Azathioprine is a prodrug, a substance that is not an active drug itself but is activated in the body. This happens in several steps; at first it is slowly and almost completely converted to 6-mercaptopurine (6-MP) by reductive cleavage of the thioether (– S –). This is mediated by glutathione and similar compounds in the intestinal wall, the liver and on red blood cells, without the aid of enzymes. 6-MP is metabolized analogously to natural purines, giving thio guanosine triphosphate (TGTP) and thio- deoxyguanosine triphosphate (TdGTP) via thioinosine monophosphate (TIMP) and several further intermediates. On a second path, the sulfur atom of 6-MP and TIMP is methylated. The end products of azathioprine metabolism are thiouric acid (38%) and various methylated and hydroxylated purines, which are excreted via the urine.
Mechanism of action
Azathioprine inhibits purine synthesis. Purines are needed to produce DNA and RNA. By inhibiting purine synthesis, less DNA and RNA are produced for the synthesis of white blood cells, thus causing immunosuppression.
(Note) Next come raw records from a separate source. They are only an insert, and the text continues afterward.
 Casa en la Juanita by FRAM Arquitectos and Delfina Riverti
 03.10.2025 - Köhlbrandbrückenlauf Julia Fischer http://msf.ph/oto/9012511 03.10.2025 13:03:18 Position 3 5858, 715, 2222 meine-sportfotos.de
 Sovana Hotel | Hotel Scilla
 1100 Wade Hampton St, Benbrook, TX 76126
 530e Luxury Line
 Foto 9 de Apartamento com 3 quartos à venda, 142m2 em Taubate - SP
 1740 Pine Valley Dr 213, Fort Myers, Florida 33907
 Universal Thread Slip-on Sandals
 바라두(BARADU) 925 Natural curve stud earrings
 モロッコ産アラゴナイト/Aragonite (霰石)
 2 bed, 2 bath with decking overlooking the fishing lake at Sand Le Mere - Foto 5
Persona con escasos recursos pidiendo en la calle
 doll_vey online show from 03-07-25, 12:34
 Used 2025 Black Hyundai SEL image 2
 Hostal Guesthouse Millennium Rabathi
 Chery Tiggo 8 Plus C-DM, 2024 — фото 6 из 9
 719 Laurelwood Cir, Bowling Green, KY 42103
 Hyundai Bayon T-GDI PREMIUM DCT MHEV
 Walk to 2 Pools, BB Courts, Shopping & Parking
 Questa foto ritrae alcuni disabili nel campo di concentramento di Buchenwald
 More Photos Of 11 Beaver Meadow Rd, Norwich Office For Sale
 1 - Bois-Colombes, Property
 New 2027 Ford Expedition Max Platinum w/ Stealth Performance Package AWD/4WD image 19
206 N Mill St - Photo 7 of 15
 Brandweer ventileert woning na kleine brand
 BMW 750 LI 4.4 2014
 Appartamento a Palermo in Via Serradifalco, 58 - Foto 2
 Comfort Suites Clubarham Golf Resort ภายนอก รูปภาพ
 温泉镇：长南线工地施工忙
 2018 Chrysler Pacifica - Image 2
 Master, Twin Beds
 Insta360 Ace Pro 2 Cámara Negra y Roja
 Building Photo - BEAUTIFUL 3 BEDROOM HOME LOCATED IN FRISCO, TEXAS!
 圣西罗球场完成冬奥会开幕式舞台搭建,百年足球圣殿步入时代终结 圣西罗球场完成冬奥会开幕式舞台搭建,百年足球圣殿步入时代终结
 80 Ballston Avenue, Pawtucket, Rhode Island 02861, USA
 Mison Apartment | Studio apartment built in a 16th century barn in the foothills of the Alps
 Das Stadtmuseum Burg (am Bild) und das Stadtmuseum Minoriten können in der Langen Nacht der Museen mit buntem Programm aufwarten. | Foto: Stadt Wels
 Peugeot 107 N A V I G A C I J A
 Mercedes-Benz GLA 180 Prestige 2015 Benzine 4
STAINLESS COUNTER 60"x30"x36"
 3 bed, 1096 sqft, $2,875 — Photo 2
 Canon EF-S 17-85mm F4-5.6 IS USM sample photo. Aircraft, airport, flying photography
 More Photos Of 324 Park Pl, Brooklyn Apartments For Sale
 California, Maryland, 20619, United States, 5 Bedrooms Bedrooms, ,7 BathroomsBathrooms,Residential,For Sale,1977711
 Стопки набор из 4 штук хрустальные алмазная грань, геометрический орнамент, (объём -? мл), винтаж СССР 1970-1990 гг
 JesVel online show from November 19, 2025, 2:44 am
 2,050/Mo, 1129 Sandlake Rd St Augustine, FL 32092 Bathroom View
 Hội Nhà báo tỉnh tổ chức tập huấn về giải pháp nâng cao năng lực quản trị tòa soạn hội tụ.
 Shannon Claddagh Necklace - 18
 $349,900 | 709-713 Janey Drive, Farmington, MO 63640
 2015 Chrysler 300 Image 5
This section may be too technical for most readers to understand. Please help improve it to make it understandable to non-experts, without removing the technical details. (December 2014) ( Learn how and when to remove this template message )
Azathioprine is converted within tissues to 6-mercaptopurine (6-MP). Some 6-MP is converted in turn to 6-thioguanine by the addition of an amino group. Both 6-MP and 6-thioguanine are conjugated with ribose, and then phosphorylated to form the nucleotides thioinosinic acid and thioguanylic acid respectively. These nucleotides masquerade, respectively, as inosinic acid and guanylic acid : the former is the starting point for purine nucleotide biosynthesis, while the latter is one of the building blocks of DNA and RNA.
The nucleotides are incorporated into newly synthesized (but non-functional) DNA, halting replication.
The nucleotides act to inhibit glutamine- phosphoribosyl pyrophosphate amidotransferase (GPAT), one of the enzymes involved in purine biosynthesis, one of the earlier steps in the synthesis of DNA and RNA. They achieve GPAT inhibition through a form of negative feedback called product inhibition.
A portion of the nucleotides is additionally phosphorylated to the triphosphate forms. These bind to GTP -binding protein Rac1, blocking synthesis of the protein Bcl-xL and thus sending activated T cells and mononuclear cells into apoptosis (programmed cell death). Increased apoptosis of mononuclear cells is seen in inflammatory bowel disease patients treated with azathioprine.
Azathioprine is a thiopurine linked to a second heterocycle (an imidazole derivative) via a thioether. It is a pale yellow solid with a slightly bitter taste and a melting point of 238–245 °C. It is practically insoluble in water and only slightly soluble in lipophilic solvents such as chloroform, ethanol and diethylether. It dissolves in alkaline aqueous solutions, where it hydrolyzes to 6-mercaptopurine.
Azathioprine is synthesized from 5-chloro-1-methyl-4-nitro-1 H -imidazole and 6-mercaptopurine in dimethyl sulfoxide (DMSO). the nitro group is introduced with nitric and sulfuric acid.
Azathioprine was synthesized by George Herbert Hitchings and Gertrude Elion in 1957 (named BW 57-322 ) to produce 6-mercaptopurine (6-MP) in a metabolically active but masked form, and at first used as a chemotherapy drug.
Robert Schwartz investigated the effect of 6-MP on the immune response in 1958 and discovered that it profoundly suppresses the formation of antibodies when given to rabbits together with antigens. For many years, this kind of dual therapy with azathioprine and glucocorticoids was the standard antirejection regimen, until ciclosporin was introduced into clinical practice (by Calne as well) in 1978.
Ciclosporin has now replaced some of the azathioprine use due to a longer survival time, especially in heart-related transplantations.